Airbnb has created an interesting value proposition for consumers. On the one hand, with its ostensibly cheap nightly rates and its myriad of product offerings, the site has opened up a new travel niche (alongside Craigslist) by freeing more people to travel where budget might be the major factor and allowing guests to experience a city from a completely different vantage point than a hotel. Yet on the other hand, the company has been stealing business from certified room providers — hotels!

So successful is Airbnb that it now has a multibillion-dollar valuation and more than 250,000 worldwide listings, not to mention the fact it is pushing 200,000 bookings per month. But alas, the envy of hoteliers near and far is finally coming under fire with the recent announcement that New York City has deemed the website illegal. Citing Airbnb’s prominent flaw insofar as NYC room providers must be licensed — a license granted by abiding to strict regulations that uphold guest safety and privacy, among other things — this is a definite victory for hotels.

Outside America’s most populous metropolis, Airbnb is still alive and well, and if the snail pace of government legislature is any indication, don’t expect similar action anytime soon.
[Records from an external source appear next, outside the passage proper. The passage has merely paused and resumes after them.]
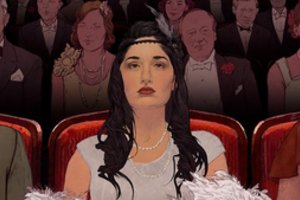 Azijos „Oskaruose“ geriausiu pripažinto animacinio filmo iliustratorius G. Skyrius: „Animacija leidžia geriau perteikti emociją“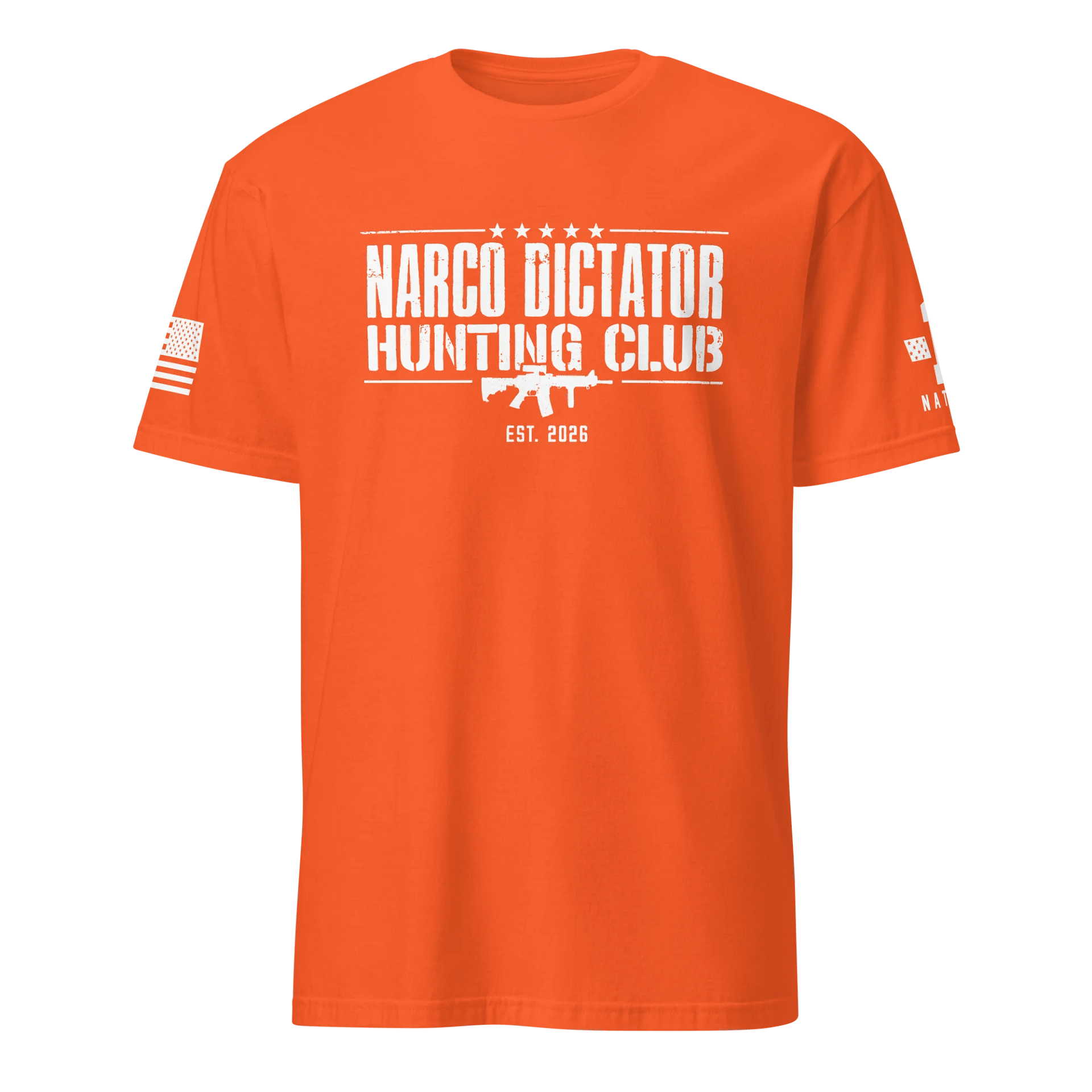 Narco Dictator Hunting Club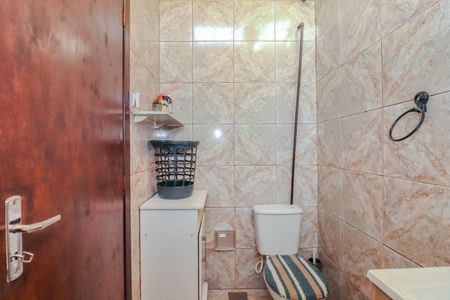 Casa à venda com 120m², 3 quartos e 3 vagasBanheiro Social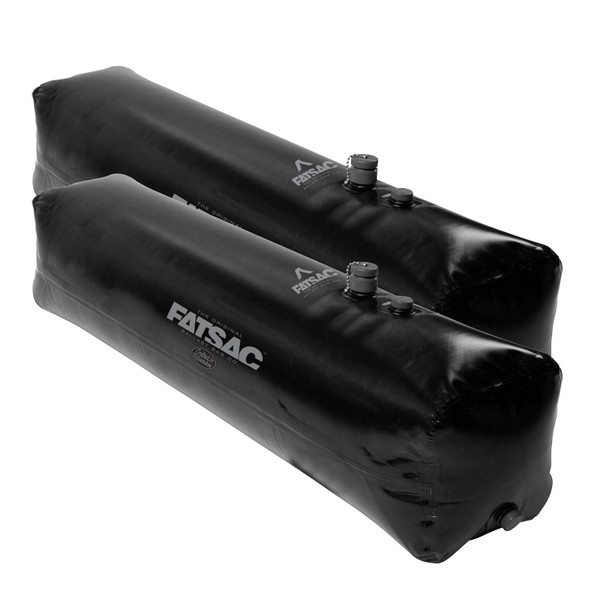 FATSAC Side Sac (Set) (W703) - 48" x 12" x 12" Ballast Bag [Gray]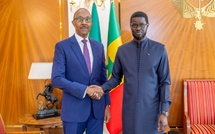 République : Au Palais présidentiel, le Président Bassirou Diomaye Faye lance le dialogue national avec quatre anciens Premiers ministres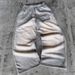 Men's Clothing Design Niche Design Hip Hop Starry Sky Hot Diamond Wide Leg Pants Casual Loose Trousers_viptrois.com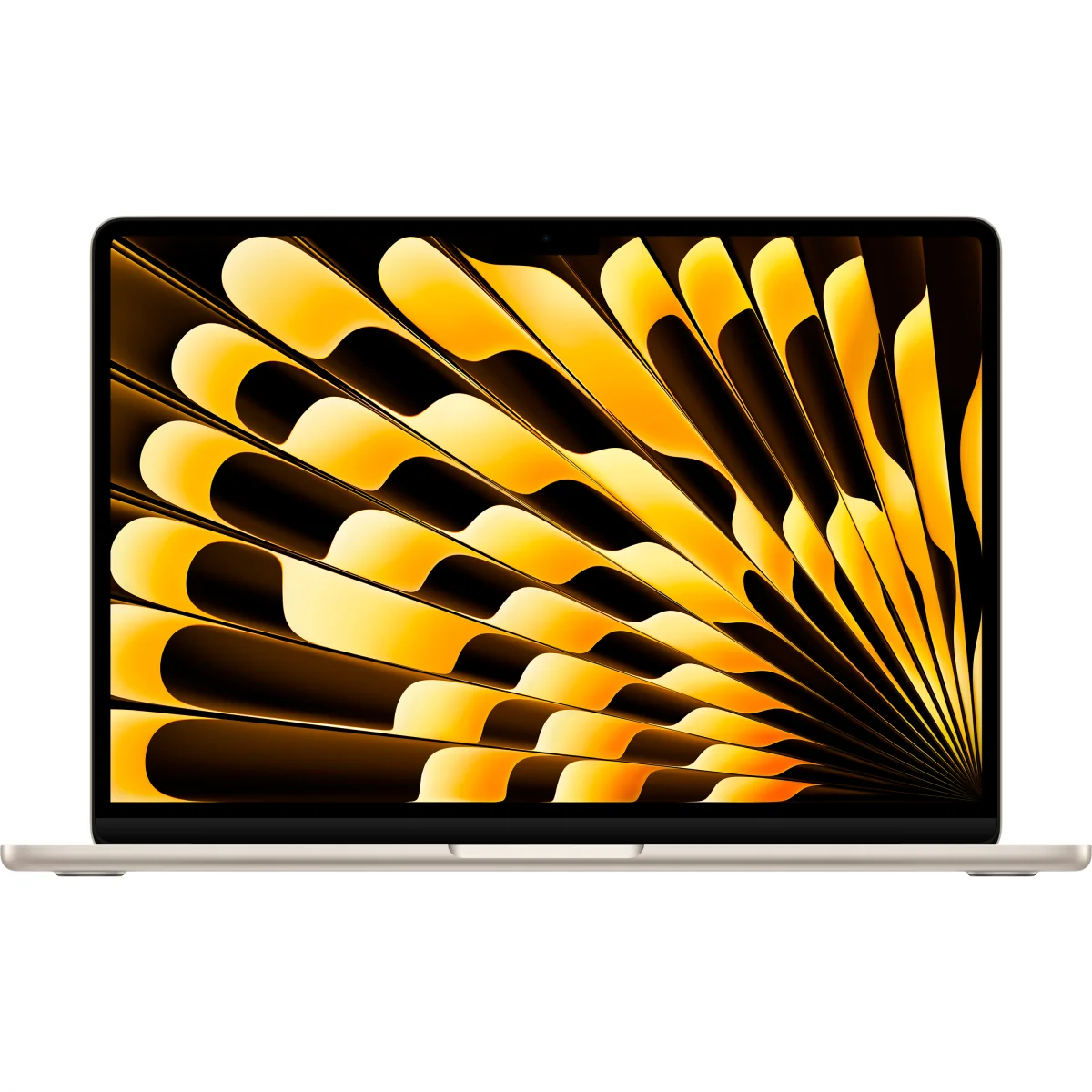 Apple 13-inch MacBook Air: Apple M4 chip with 10-core CPU and 8-core GPU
So, in the meantime, how do you, as a wholly accredited provider of guestrooms for third-party persons, fight back against this interloper?
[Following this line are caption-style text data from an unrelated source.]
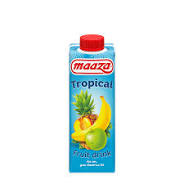 [DRI11051] Maaza Tropical Drink 33Cl (can)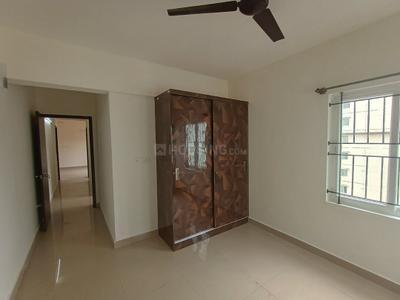 Bedroom Image of 1082 Sq.ft 3 BHK Apartment / Flat for sale in Kumbalgodu Bengaluru for Rs. 7700000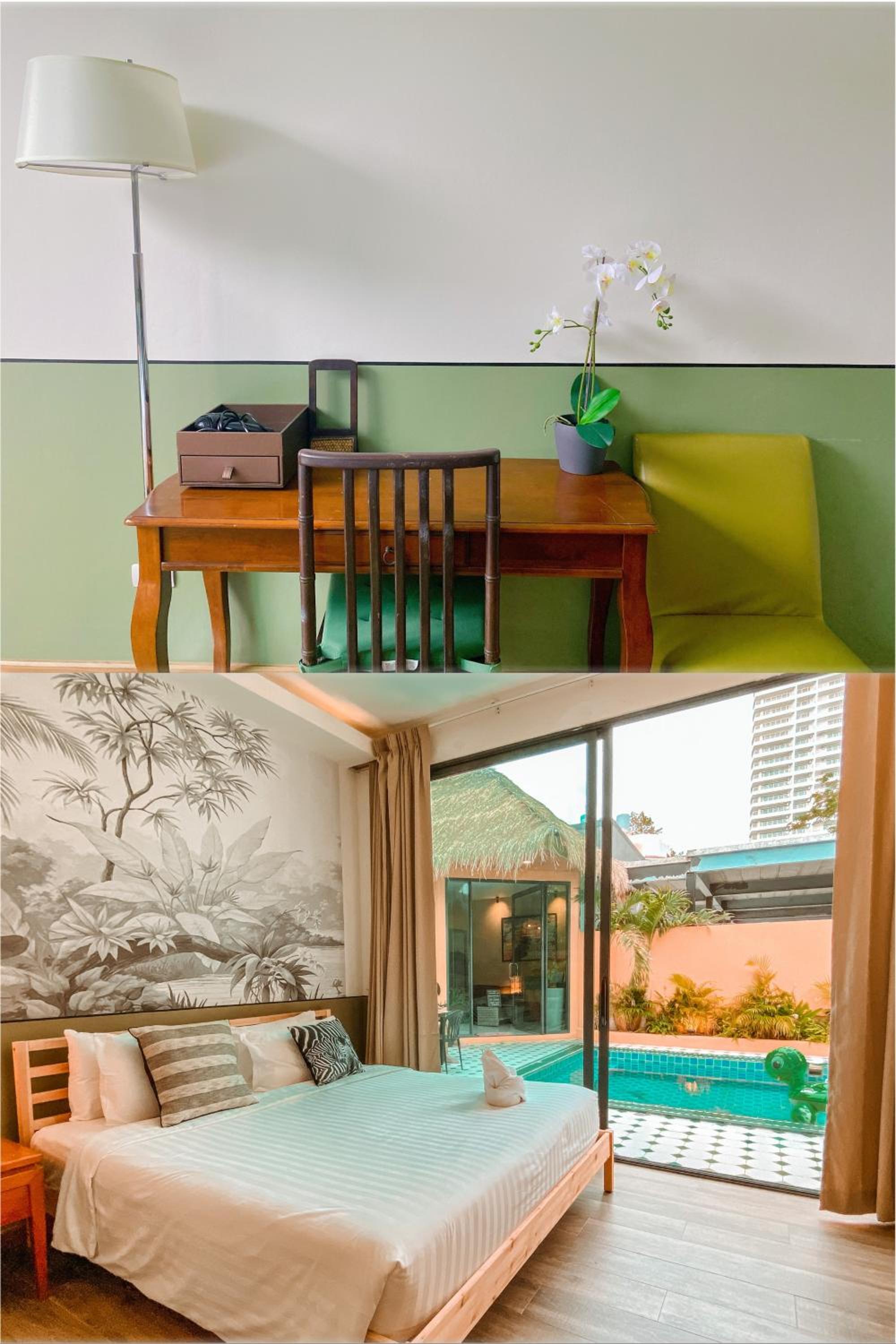 Four-Bedroom Villa with Private Pool - Photo 4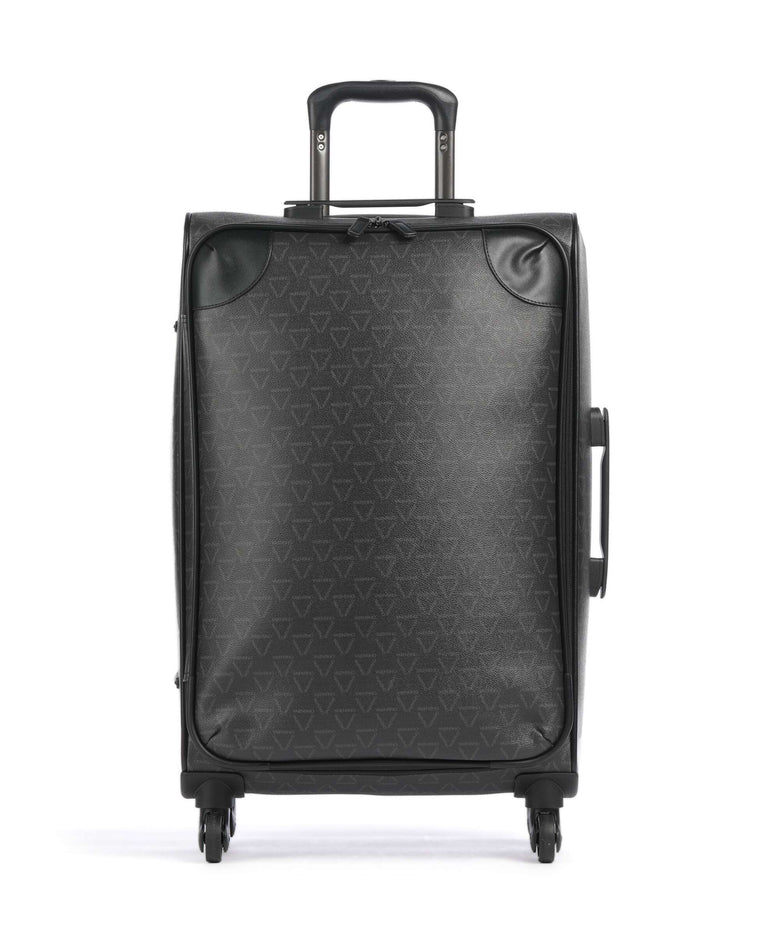 Valentino Bags Liuto Spinner (4 wheels) nero/multicolour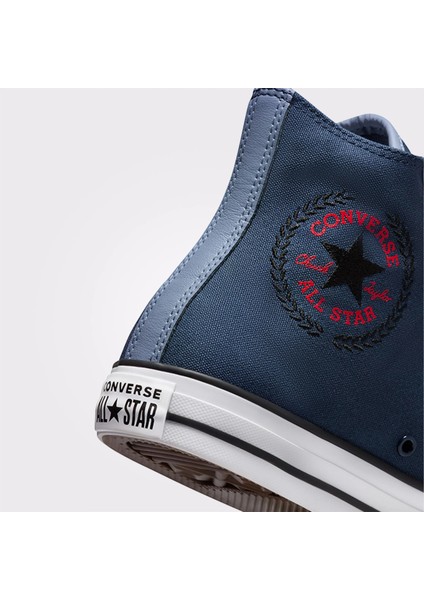 Chuck Taylor All Star Unisex Mavi Sneaker indirimleri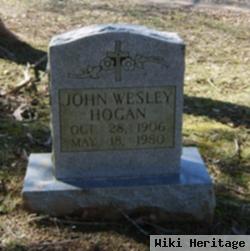 John Wesley Hogan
The first item to note is that this does not concern those hotels whose clientele do not predominately overlap with the intended audience for Airbnb. That is, 5-star, ultra-luxury, boutique or nearly any properties with an ADR above US$200 per night need not be all that concerned about potential incursions from this company.

Aside from the appeal of huge savings in travel expenses, Airbnb lures consumers in by selling the prospect of an intrinsically unique experience, and it’s hard to see its product offerings as anything else. Each listed “room” has been customized and furnished in a style distinctive to its owner, much unlike what many should consider the stock guestrooms in hotels. Additionally — and this speaks more to its urban fare — the website’s listings may crop up in far more obscure and possibly adventurous neighborhoods than hotels, which tend to congregate around downtown and the airport (a gross generalization, but work with me).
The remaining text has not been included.